2. The grounds of challenge as pleaded in the original writ petition are as follows : --
(a) As the said Co-operative Bank is governed by the Multi-unit Co-operative Societies Act 1942 which is a Central Act the Registrar of Co-operative Societies, West Bengal had no authority to make any report in respect of the Co-operative Bank and under the law the Managing Committee of the Cooperative Bank could not be dissolved by the impugned Notification dt. 1-3-1977.
(b) The impugned Notification dt. 1-3-1977 is void as the Governor exercised his power without any report from the Registrar of Cooperative Societies, West Bengal or from the Central Registrar appointed under the Multi-unit Co-operative Societies Act, 1942 and issued it under political pressure.
(c) The impugned Notification dt. 14-1-1981 has been issued in mala fide exercise of power out of extraneous considerations of serving the interest of the ruling political party and the Board of Administrators has been reconstituted without including a Senior Railway Officer as Chairman, although the Board reconstituted by Notification dt. 29-2-1980 was running the business of the bank impartially to advance the interests of the bank without looking into the interest of the ruling political party.
3. The respondent 1, Union of India and the respondent 2 Central Registrar of Cooperative Societies have appeared in the proceeding but have not filed any return.
4. The respondent 3 Secretary, Cooperation Department, Government of West Bengal, the respondent 4, the Deputy Secretary of the said department and the respondent 5 Registrar of Co-operative Societies, West Bengal have opposed the writ petition by filing affidavit-in-opposition on 18-8-1981, to repel the ground of challenge taken in the writ petition.
5. The respondent 6 is the Co-operative Bank itself and although it appeared through its learned advocate on 5-4-1982 no affidavit was filed on its behalf till 10-4-1984 which was the second day of hearing arguments in this case.
6. The respondents 7 to 9 were members of the Board of Administrators reconstituted by the impugned Notification dt. 29-2-1980 (Annexure 'B' to the writ petition) and the respondents 10 to 12 are the members of the Board of Administrators as reconstituted by the impugned notification dt. 14-1-1981 (Annexure 'C' to the writ petition).

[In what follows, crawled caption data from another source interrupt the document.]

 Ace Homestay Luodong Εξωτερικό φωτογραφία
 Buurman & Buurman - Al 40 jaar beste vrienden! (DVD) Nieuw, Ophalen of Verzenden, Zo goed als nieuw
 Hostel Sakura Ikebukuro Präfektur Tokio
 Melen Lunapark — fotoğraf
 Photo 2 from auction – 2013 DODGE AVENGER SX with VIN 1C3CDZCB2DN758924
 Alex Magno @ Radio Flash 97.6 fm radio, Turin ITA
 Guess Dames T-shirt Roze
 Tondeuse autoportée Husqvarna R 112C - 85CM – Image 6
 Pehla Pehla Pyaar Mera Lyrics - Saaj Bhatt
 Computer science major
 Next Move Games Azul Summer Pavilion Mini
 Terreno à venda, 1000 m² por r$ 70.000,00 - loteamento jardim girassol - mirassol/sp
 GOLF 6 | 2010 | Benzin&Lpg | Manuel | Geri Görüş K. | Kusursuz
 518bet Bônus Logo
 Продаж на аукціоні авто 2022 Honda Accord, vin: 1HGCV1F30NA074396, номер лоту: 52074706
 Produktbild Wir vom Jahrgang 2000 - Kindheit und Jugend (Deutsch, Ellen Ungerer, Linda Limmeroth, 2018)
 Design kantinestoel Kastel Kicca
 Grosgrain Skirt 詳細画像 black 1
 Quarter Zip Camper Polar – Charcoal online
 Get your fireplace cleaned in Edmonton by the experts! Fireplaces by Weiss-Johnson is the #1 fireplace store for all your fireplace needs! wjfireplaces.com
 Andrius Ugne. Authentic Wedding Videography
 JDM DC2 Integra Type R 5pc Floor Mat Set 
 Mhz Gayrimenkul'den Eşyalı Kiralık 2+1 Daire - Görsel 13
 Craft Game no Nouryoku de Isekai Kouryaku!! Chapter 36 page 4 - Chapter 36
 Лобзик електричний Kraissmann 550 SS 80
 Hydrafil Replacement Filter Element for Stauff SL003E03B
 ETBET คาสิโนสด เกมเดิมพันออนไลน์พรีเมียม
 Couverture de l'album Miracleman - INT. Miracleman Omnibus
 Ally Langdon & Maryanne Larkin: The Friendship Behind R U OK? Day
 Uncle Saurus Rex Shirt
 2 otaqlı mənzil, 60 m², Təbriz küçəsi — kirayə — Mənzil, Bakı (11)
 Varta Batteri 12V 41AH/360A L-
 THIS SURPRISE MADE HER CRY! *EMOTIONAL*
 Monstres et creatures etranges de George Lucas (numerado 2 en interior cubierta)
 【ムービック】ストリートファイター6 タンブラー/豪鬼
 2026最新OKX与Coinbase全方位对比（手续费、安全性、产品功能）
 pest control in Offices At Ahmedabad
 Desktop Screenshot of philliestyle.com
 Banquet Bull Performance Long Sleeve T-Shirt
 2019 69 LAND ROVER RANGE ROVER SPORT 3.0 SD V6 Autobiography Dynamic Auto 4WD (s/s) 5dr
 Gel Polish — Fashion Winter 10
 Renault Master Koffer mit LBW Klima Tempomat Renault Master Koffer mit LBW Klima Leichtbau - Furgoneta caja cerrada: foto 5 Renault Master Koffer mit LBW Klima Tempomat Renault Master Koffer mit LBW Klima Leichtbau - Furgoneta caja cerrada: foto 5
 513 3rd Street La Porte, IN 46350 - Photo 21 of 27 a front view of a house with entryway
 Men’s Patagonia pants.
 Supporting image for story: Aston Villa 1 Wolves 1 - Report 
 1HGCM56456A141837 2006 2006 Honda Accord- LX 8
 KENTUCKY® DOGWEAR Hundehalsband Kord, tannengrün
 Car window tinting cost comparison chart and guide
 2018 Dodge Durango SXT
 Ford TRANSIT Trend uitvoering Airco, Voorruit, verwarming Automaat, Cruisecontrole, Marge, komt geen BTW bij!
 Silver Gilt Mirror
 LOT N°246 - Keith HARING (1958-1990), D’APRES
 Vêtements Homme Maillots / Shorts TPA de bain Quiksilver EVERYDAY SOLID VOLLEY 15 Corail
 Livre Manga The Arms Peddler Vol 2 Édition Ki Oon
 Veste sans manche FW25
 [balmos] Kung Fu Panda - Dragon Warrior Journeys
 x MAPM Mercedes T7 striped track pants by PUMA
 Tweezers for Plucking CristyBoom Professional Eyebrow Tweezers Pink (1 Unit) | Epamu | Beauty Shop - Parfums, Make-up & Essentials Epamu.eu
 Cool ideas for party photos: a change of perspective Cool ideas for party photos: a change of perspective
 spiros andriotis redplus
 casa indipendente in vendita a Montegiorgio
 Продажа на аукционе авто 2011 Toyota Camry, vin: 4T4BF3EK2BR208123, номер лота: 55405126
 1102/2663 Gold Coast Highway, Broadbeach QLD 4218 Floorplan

They have not appeared in the proceeding after service of the Rule.
7. The respondent 6 in the affidavit filed on its behalf has impugned the three notifications in question on grounds other than those stated in the writ petition. These grounds are as follows: --
(i) From before the impugned notification dt. 1-3-1977, the Co-operative Bank has been a primary co-operative bank governed by Part V of the Banking Regulation Act 1949 and so no step for immediate dissolution of the Managing Committee of the Co-operative Bank and appointment of Administrator could be taken without consultation with the Reserve Bank of India as required by the mandatory provisions of the second proviso to Sub-section (1) of Section 26 of the West Bengal Co-operative Societies Act 1973 (herein after called the State Act, 1973).
(ii) The respondent 6 co-operative bank was registered as an insured bank under the Deposit Insurance and Credit Guarantee Corporation Act 1961 (hereinafter called Deposit Insurance Act 1961) with effect from 1-9-1976 and as no approval of the Reserve Bank of India was obtained by the State Government for appointment of the Administrator as required by Section 140 of the State Act 1973 the impugned notification dt. 1-3-1977 is illegal and void.
8. The petitioners thereafter filed an application for amendment for the writ petition on 10-4-1984 at the stage of hearing arguments to introduce the two identical grounds taken on behalf of the respondent 6 in its affidavit, although the petitioners have not taken those grounds even in their reply or rejoinder filed on 9-4-1984 to the affidavit-in-opposition of the respondents 3 to 5.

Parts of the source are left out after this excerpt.